Your copy should hold exactly the lines from the one containing "Westerplatte Monument in" through the last line of the entries, and no pictures.

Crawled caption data
────────────────────
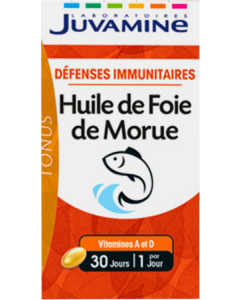 Juvamine Huile de Foie de Morue Défenses Immunitaires Capsule 30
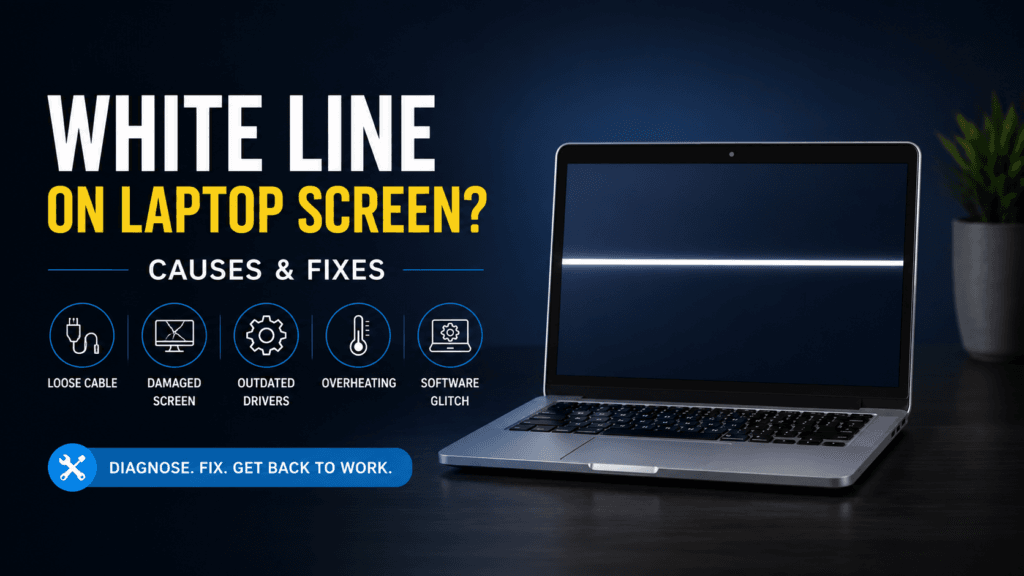 Laptop screen showing a white horizontal line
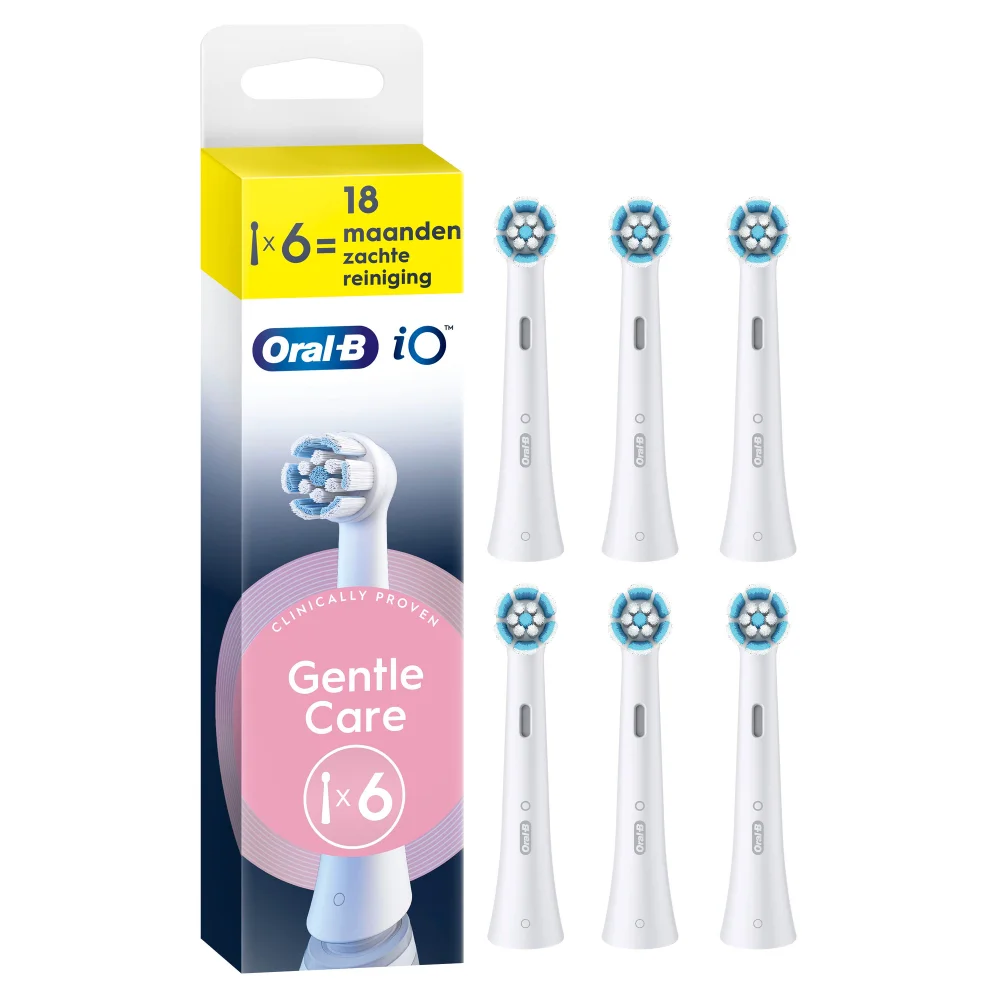 Oral-B iO opzetborstels, verpakking met 6 stuks, voor 18 maanden zachte reiniging en klinisch bewezen Gentle Care.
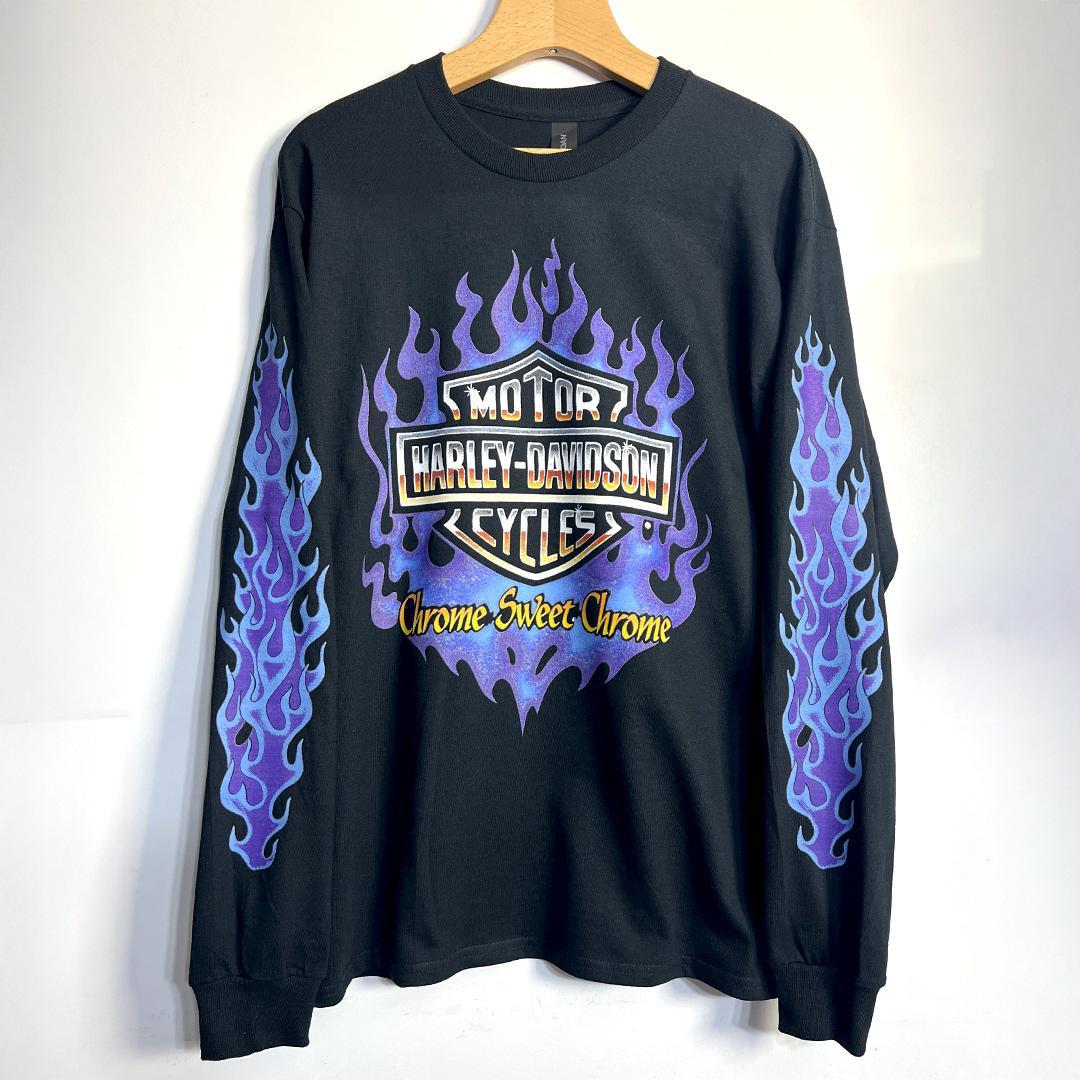 L ロンT カニエウエスト ハーレーダビッドソン ブルーフレイム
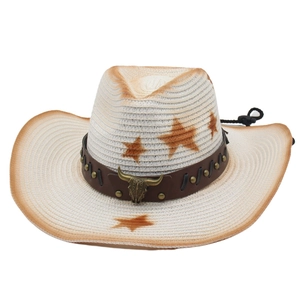 Western straw cowboy hat with bull head ornament and star pattern for beach travel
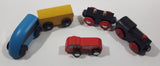 Set of 5 Magnetic Wood Train Car and Locomotive Toys 2 1/2" to 2 3/4"
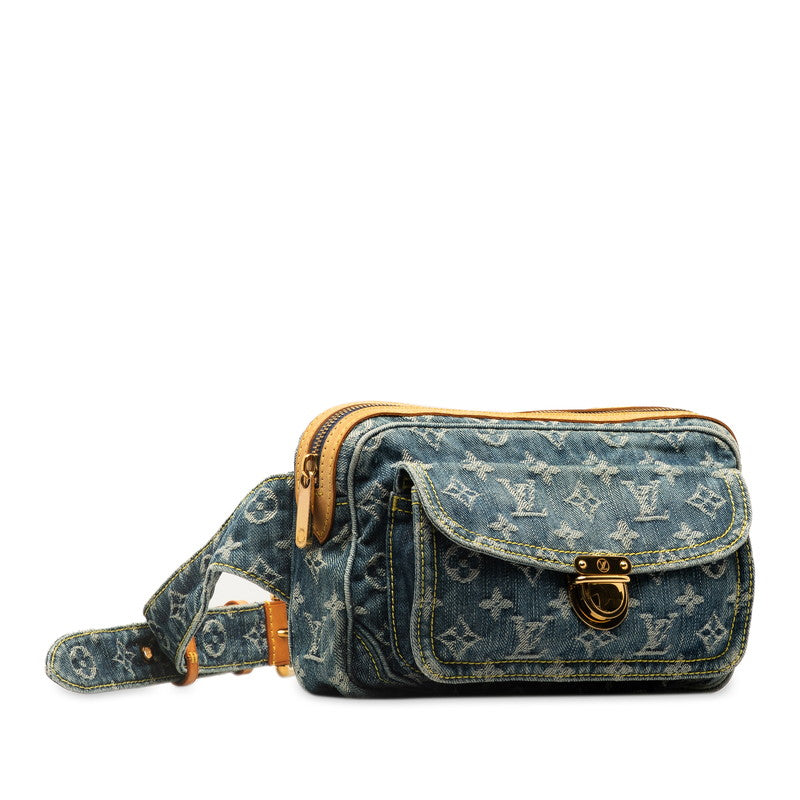 Louis Vuitton Monogram Denim Pouch Indigo Body Bag Waist Bag M95347 Blue Denim Leather  Louis Vuitton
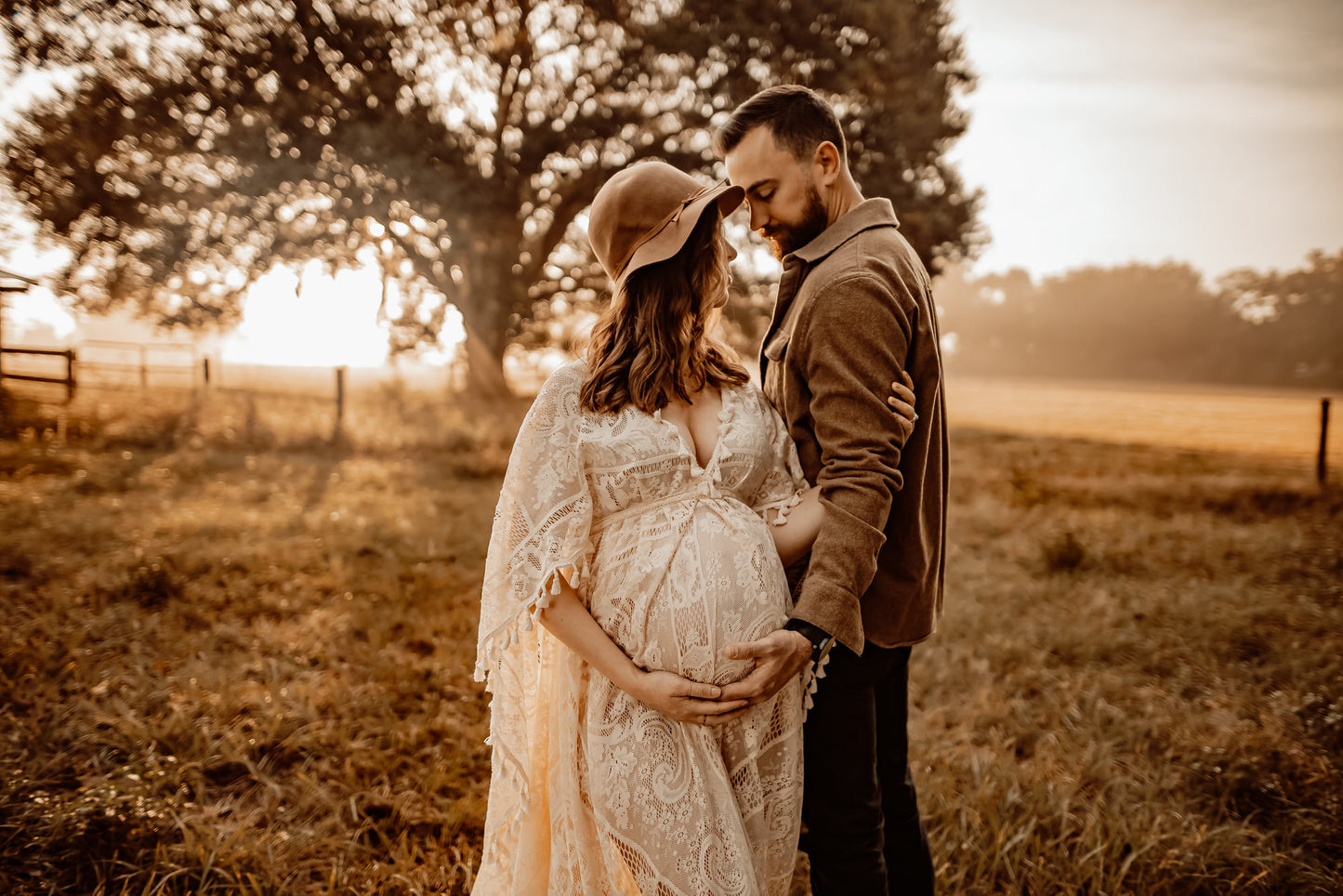 Lace Boho Gown with Cape - maternity photoshoot dress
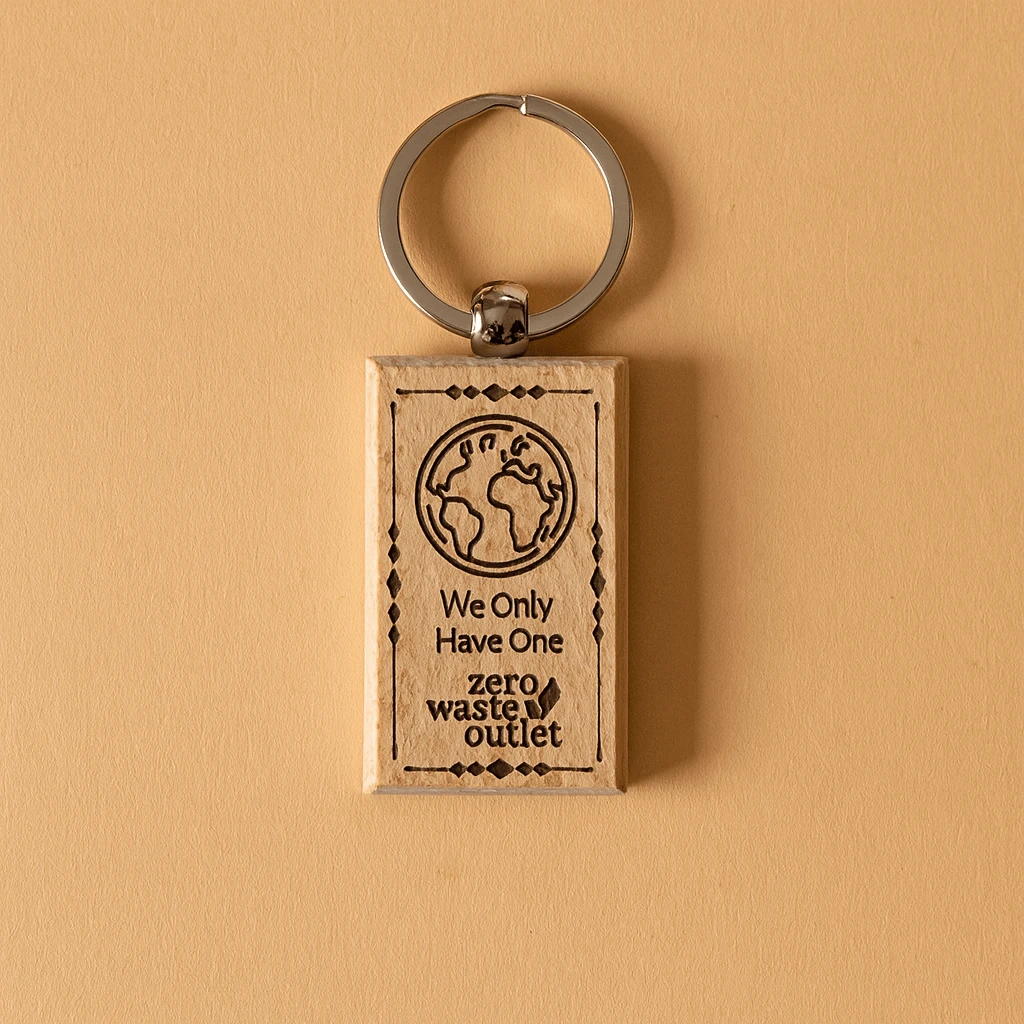 "Don't Forget Reusable Bags" Wooden Keychain by Zero Waste Outlet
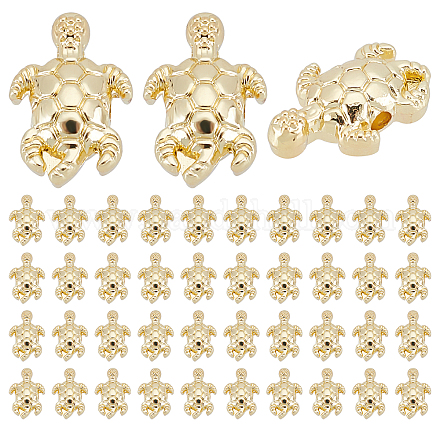 Pandahall 80 pièces perles de tortue de mer 13x9x4mm breloques de tortue dorée en alliage de métal perles entretoises animales perles de style tibétain pour boucle d'oreille bracelet collier fabrication de bijoux FIND-PH0002-73-RS-1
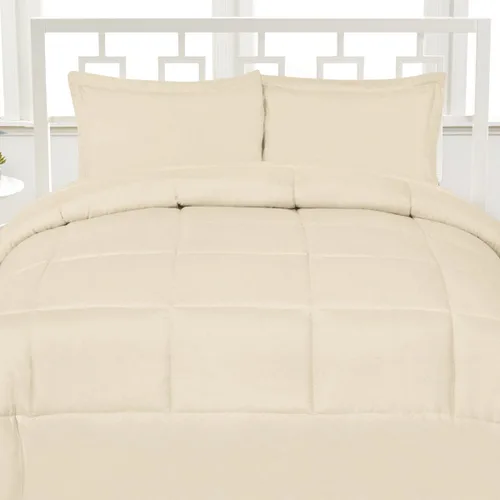 Miniatura 10 de Lujosa ropa de cama de microfibra cepillada con punto de caja suave y alternativa al plumón, matrimonial, color negro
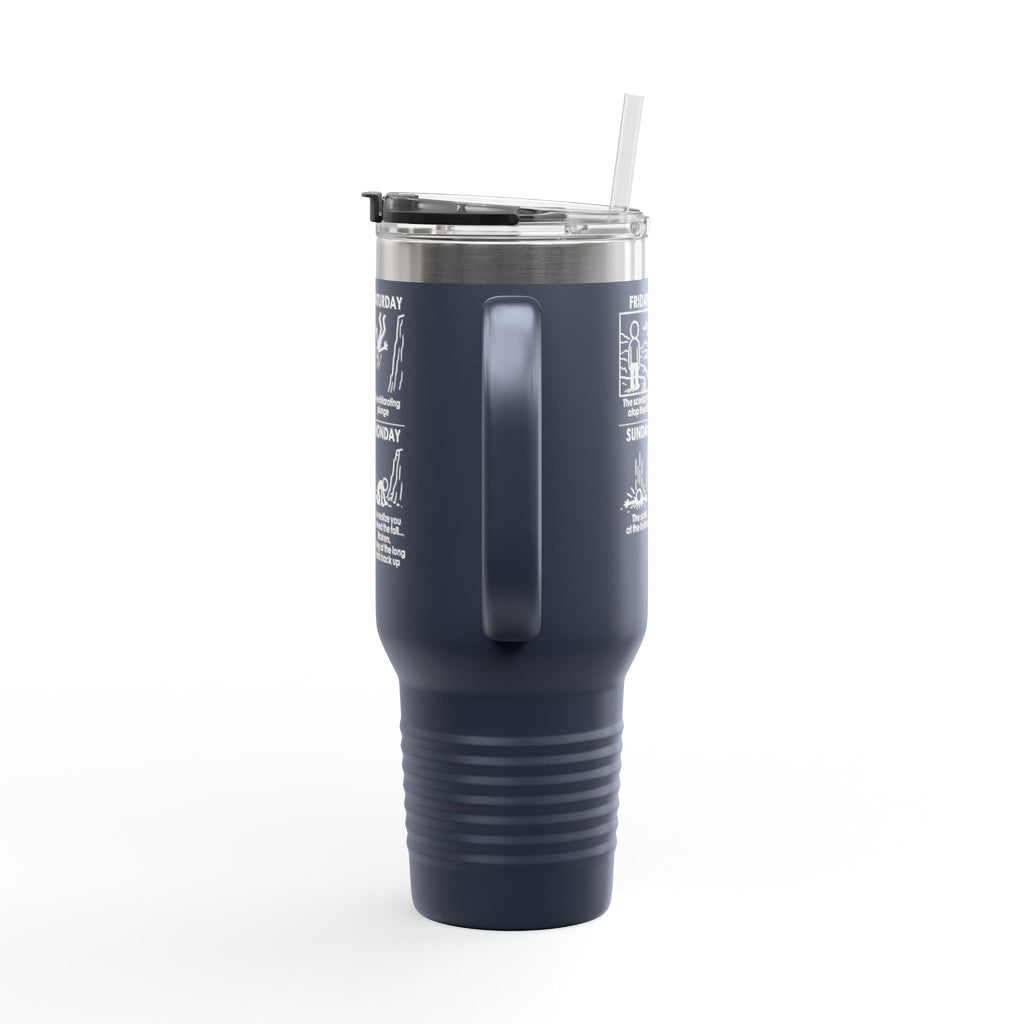 Weekend Cliff Comic Travel Mug – Dark Humor Friday to Monday Survival Tumbler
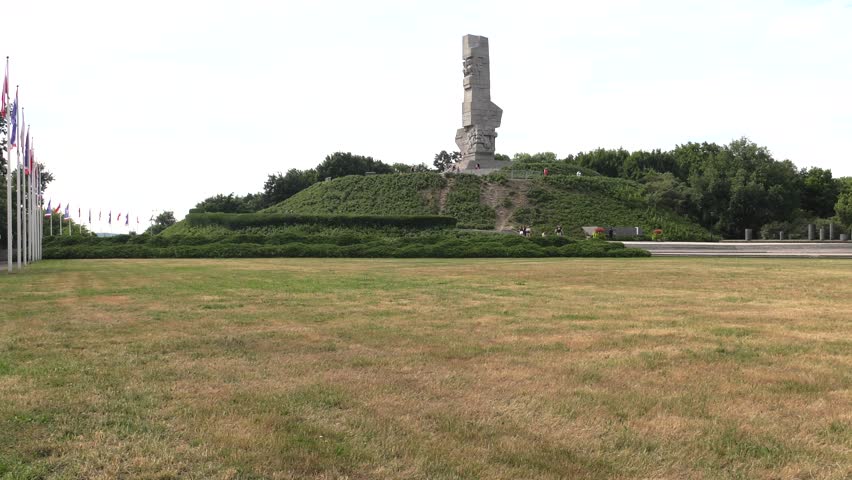 Westerplatte Monument in memory of the Polish defenders. Westerplatte is a peninsula in Gdansk, Poland, located on the Baltic Sea coast mouth of the Dead Vistula, in the Gdansk harbor channel. 4K, UHD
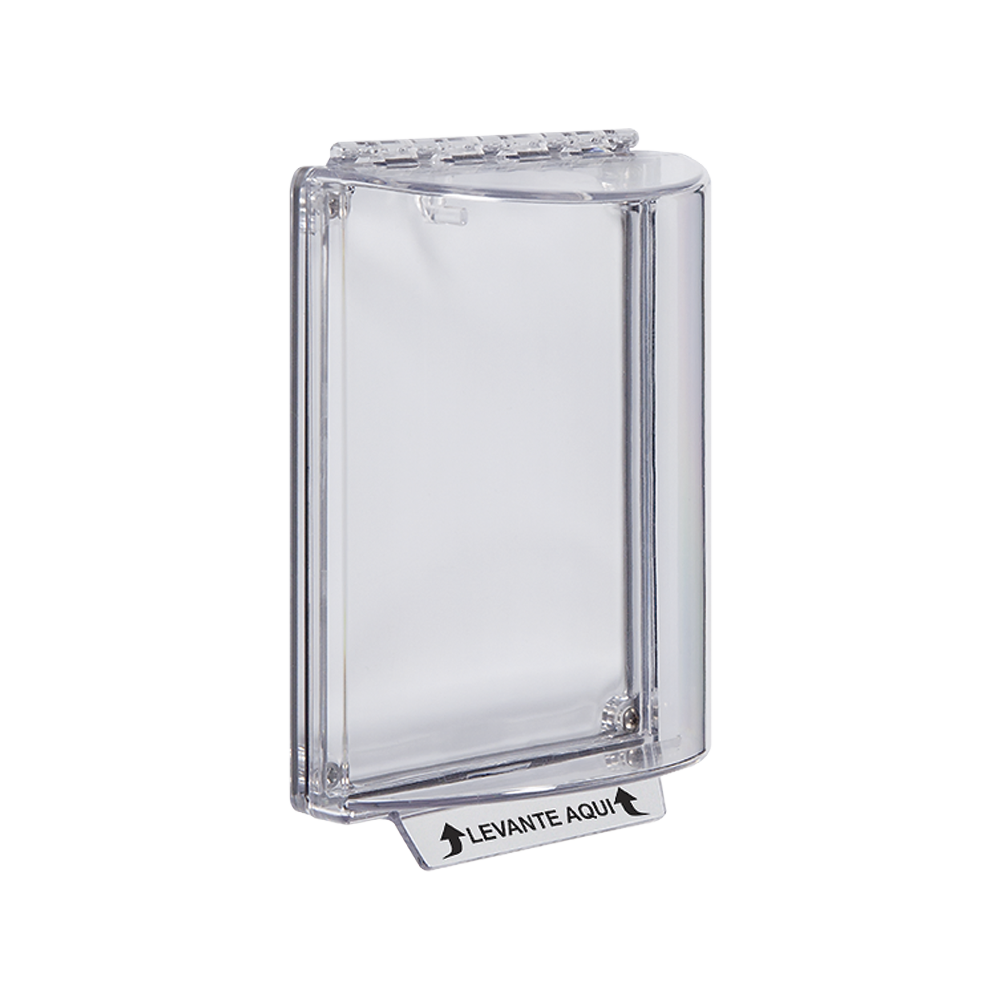 Cubierta Universal Transparente / Texto de Incendio en Español / Sin Sirena / Bisagra Resistente / Montaje Al Ras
────────────────────
→ **ANSWER TO THIS PROBLEM**:
 Westerplatte Monument in memory of the Polish defenders. Westerplatte is a peninsula in Gdansk, Poland, located on the Baltic Sea coast mouth of the Dead Vistula, in the Gdansk harbor channel. 4K, UHD
 Cubierta Universal Transparente / Texto de Incendio en Español / Sin Sirena / Bisagra Resistente / Montaje Al Ras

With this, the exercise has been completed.